Tracing: Enhance git process spans
We enabled distributed tracing on GitLab.com production, with the sample rate of 0.1%. All captured traces are sent to Stackdriver for exploration. It's available to all engineers who have access to GitLab GCP dashboard. However, the data is not that useful.
There are multiple problems with the current state:
- The spans are empty. It is incapable of describing a basic request flowing to Gitaly. We'll need to add more key spans.
- There are two many noises there, especially the URIs of spawned commands.
- The sampling is heavily skewed to more popular calls. While this is a certain result of random sampling, I think we can do better by applying a more sophisticated sampling algorithm, scoped by each RPC. This improves the situation where less common RPC doesn't have any traces.

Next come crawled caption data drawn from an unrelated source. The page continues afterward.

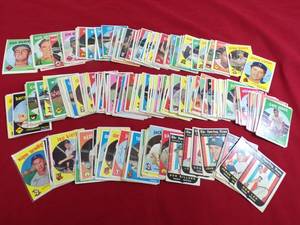 lot 38 image: 175 1959 Topps Baseball Cards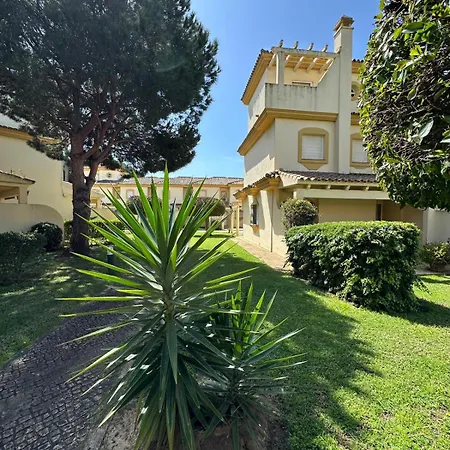 Adosado En Novo Sancti Petri Будинок відпочинку *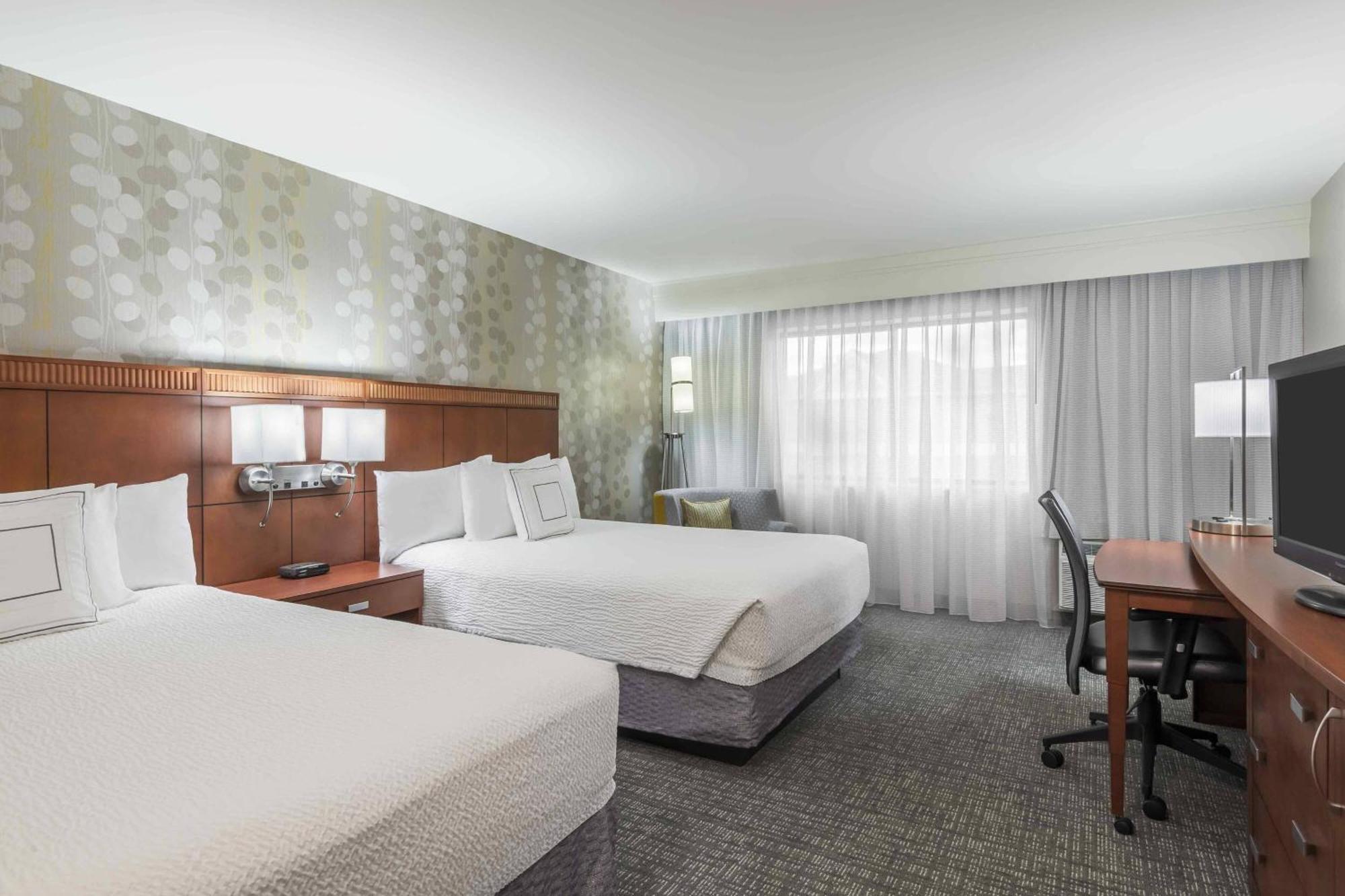 คอร์ตยาร์ด น็อกซ์วิลล์ ซีดาร์บลัฟ Hotel ภายนอก รูปภาพ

- We don't feed logs to GCP. So, stackdriver could not pull the related logs. So, each span should essentially contain the correlation ID to query the logs from Kibana. We need docs about how to use tracing.
- Other components (Workhorse, Shell, etc.) should export the data to stackdriver as well. That makes tracing more useful, end to end.
- Some more minor improvements regarding labels and metadata.
I think this is a low-hanging fruit we can do to improve the debug experience significantly on production, apart from existing tools like Flamegraph (GCP profiler), Prometheus metrics, and logs.